What you are asked to do: In the answer, each line from the top of the material through the line that contains "Background Star Card" is restated exactly. No picture is given again.

The data:
==========
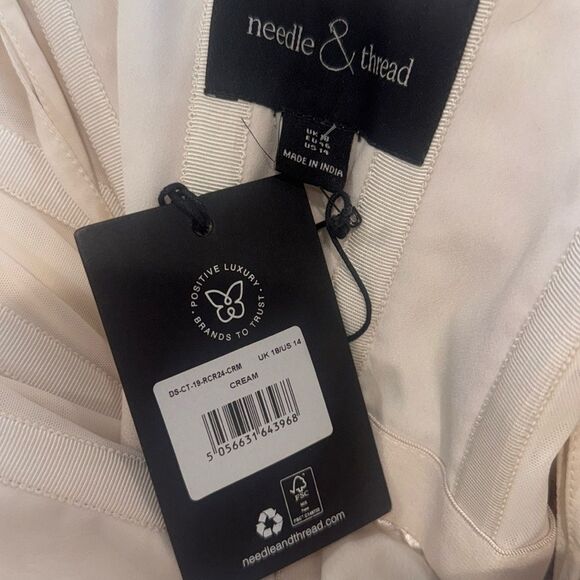 NWT Needle & Thread Regal Rose Gloss Strapless Micro Mini Dress Champagne Size14 - Picture 13 of 14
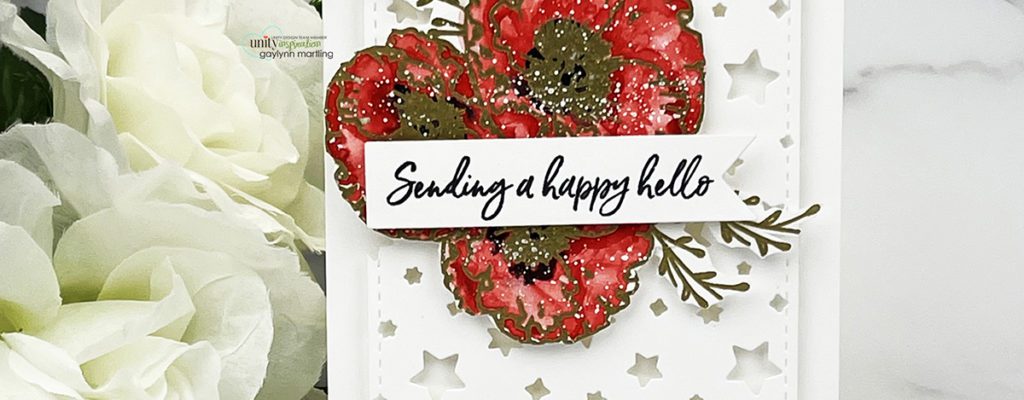 Background Star Card Cover Up with Watercolor Poppy Flowers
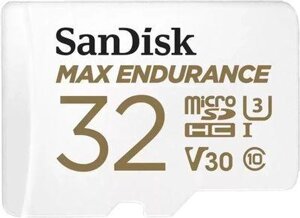 Карта памяти microSDXC UHS-I U3 Sandisk Max Endurance 32 ГБ, 100 МБ/с, Class 10, SDSQQVR-032G-GN6IA, 1 шт., переходник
==========
Response to the exercise:
 NWT Needle & Thread Regal Rose Gloss Strapless Micro Mini Dress Champagne Size14 - Picture 13 of 14
 Background Star Card Cover Up with Watercolor Poppy Flowers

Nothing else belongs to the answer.